▶ **Activity**
The response must consist of each line in the listing that has the word "Racing" in it.

BEGIN Material provided

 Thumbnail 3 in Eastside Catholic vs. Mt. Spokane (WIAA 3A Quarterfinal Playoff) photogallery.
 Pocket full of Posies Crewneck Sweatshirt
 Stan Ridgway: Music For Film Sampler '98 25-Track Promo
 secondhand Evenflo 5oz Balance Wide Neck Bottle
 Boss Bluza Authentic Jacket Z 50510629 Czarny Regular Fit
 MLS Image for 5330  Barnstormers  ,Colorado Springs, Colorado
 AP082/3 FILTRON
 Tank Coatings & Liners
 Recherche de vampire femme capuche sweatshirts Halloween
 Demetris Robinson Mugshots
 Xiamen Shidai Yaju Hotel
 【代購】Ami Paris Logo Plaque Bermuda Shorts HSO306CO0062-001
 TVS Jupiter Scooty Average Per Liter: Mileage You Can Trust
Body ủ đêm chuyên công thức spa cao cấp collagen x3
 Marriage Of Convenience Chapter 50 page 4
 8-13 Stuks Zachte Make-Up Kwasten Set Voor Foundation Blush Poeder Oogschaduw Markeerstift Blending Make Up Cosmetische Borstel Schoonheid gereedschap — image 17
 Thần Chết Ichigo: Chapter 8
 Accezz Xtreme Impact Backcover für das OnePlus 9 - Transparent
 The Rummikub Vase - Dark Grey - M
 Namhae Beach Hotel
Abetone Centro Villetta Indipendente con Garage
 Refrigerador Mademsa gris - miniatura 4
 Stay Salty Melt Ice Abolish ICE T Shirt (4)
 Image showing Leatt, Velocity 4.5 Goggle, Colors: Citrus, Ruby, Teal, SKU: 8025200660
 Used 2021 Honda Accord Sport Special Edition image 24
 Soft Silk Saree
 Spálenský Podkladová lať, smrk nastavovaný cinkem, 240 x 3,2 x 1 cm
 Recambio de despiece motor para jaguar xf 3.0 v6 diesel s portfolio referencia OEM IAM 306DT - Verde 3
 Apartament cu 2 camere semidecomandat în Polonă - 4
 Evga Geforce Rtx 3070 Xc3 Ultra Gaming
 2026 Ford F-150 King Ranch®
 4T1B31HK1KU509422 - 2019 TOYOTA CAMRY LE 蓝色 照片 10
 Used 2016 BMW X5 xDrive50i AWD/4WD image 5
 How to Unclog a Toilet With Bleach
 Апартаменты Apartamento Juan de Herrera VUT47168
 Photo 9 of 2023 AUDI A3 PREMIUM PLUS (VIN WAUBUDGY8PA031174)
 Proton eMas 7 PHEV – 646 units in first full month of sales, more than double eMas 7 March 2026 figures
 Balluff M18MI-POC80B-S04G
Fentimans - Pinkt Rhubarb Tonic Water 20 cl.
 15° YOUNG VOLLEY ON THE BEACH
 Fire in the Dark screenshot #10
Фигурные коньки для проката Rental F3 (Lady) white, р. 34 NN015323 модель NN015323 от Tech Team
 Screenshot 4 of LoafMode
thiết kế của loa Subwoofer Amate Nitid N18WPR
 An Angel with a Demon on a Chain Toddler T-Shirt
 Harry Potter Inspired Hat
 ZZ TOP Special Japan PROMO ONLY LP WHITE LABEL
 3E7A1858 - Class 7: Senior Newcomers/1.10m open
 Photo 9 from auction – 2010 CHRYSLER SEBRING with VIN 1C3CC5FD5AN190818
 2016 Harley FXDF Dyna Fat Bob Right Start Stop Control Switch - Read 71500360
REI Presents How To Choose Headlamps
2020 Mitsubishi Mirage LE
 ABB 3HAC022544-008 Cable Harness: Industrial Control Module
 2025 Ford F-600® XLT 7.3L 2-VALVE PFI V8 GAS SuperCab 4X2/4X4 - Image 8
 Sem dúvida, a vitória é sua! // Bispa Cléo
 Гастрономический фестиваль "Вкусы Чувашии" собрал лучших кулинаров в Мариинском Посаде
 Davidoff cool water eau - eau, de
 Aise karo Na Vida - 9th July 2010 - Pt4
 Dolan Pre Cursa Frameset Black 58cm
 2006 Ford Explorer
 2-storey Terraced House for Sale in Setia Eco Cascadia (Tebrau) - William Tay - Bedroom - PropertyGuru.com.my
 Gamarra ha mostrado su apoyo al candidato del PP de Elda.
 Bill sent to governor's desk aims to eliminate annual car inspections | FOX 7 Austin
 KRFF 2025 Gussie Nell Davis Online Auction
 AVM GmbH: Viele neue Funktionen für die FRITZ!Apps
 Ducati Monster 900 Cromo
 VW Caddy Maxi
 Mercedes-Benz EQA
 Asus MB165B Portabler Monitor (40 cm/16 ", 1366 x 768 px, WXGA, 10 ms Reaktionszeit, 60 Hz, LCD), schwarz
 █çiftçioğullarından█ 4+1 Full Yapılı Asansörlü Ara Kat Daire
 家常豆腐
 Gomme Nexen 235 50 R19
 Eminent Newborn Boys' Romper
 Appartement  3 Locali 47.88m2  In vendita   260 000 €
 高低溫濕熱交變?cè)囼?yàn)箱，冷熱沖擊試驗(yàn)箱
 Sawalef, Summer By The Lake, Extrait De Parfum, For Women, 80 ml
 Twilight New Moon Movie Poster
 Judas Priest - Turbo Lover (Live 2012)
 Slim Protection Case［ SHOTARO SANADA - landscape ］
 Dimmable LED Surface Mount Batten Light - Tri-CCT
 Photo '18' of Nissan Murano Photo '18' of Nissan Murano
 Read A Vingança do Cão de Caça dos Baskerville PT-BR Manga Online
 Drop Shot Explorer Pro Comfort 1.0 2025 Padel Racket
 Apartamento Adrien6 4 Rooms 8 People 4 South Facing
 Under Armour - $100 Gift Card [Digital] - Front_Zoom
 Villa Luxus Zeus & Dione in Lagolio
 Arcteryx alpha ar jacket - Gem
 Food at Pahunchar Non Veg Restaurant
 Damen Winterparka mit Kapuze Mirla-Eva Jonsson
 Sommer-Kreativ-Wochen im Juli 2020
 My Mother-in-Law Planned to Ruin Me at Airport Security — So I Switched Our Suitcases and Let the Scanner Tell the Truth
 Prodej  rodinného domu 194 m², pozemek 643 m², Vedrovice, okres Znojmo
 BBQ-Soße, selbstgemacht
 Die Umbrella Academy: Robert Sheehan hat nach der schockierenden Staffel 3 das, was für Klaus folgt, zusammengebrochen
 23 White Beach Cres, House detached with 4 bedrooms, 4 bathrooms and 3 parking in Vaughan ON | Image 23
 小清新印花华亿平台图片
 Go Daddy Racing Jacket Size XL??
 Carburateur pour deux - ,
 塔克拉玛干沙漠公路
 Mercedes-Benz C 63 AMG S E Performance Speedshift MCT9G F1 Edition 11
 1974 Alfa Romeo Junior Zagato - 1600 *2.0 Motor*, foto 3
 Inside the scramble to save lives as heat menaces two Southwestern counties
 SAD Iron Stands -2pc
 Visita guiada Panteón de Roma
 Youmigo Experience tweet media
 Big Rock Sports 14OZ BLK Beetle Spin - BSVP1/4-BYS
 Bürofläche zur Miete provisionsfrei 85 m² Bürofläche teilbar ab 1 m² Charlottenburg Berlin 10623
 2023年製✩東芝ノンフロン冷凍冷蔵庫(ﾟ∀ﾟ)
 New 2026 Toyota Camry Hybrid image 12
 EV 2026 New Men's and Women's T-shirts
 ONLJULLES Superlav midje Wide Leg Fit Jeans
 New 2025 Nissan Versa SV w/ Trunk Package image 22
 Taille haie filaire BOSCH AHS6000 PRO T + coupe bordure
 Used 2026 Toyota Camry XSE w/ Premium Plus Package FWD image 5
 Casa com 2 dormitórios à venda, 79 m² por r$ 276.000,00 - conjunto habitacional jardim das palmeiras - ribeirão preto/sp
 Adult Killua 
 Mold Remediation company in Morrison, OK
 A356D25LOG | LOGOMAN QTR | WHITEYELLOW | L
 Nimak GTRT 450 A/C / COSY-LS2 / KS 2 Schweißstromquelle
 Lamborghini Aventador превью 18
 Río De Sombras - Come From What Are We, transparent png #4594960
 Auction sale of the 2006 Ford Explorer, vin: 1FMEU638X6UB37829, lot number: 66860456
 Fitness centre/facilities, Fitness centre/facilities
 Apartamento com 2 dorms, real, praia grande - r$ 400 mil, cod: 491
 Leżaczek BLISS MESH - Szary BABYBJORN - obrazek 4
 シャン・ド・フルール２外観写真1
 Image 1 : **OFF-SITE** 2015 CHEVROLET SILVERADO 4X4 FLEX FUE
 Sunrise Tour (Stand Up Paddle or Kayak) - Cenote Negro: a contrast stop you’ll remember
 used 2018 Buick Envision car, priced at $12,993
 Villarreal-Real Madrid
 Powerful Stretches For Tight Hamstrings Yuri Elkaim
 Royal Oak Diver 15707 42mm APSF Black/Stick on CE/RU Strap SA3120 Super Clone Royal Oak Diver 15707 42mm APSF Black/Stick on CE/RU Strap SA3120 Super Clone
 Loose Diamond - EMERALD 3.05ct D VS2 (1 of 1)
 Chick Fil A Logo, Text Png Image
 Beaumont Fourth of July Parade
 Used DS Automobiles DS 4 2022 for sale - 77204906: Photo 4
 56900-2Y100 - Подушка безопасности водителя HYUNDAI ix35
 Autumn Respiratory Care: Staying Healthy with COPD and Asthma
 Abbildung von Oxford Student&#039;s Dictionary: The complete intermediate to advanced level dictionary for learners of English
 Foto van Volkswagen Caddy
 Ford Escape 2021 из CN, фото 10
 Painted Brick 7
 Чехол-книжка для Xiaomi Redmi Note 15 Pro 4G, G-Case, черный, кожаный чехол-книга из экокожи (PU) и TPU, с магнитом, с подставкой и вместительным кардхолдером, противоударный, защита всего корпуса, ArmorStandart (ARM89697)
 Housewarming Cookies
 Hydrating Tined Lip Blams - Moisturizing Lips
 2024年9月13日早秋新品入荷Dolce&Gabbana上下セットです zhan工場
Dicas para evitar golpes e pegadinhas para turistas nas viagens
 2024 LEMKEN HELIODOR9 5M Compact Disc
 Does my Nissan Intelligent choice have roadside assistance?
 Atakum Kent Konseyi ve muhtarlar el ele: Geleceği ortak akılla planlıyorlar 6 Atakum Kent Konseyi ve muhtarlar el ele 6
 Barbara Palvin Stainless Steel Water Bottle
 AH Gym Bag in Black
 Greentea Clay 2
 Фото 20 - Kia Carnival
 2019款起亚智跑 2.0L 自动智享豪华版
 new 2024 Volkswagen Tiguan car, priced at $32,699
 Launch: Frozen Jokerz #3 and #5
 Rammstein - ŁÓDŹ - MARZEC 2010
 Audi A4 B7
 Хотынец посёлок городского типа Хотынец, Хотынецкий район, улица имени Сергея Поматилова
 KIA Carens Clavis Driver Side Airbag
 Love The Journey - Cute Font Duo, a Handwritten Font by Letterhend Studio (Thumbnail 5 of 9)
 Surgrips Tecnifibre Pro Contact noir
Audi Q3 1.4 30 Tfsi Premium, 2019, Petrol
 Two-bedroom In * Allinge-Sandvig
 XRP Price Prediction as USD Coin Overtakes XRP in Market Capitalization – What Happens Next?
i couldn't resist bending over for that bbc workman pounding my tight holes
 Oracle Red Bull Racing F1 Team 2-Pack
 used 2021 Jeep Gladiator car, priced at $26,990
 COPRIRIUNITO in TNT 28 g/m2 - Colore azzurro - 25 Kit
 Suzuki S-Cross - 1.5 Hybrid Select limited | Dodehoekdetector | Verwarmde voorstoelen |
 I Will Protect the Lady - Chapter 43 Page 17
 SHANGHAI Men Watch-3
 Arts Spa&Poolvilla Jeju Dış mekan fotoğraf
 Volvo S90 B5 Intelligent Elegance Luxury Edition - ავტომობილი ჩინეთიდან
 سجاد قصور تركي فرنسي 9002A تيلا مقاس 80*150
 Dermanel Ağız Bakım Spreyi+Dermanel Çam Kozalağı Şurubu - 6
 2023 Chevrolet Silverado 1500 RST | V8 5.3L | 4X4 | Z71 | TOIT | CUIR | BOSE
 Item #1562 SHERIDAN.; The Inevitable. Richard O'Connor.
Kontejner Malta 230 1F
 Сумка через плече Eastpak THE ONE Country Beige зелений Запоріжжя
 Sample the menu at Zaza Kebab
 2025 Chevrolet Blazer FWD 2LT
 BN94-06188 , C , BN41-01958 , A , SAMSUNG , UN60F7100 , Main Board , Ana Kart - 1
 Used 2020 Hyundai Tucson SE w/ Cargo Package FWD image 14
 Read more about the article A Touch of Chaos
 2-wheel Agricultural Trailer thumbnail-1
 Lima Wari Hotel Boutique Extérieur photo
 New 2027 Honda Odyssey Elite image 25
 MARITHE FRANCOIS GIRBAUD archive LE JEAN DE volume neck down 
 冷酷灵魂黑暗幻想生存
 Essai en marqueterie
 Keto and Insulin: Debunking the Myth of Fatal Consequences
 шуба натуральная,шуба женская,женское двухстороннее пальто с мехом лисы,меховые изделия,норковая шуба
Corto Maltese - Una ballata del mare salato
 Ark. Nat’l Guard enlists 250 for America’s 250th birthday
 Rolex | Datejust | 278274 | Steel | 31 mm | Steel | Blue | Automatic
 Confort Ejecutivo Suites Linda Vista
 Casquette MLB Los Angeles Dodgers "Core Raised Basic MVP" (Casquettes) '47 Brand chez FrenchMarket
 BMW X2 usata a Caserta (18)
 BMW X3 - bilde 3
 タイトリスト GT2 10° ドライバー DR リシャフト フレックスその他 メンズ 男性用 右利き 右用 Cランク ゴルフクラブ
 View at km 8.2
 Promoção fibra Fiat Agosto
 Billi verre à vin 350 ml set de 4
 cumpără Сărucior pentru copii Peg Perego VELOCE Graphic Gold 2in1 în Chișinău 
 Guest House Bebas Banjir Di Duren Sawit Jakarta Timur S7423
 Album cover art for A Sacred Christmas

END Material provided

▶ **Response box**
 Go Daddy Racing Jacket Size XL??
 Oracle Red Bull Racing F1 Team 2-Pack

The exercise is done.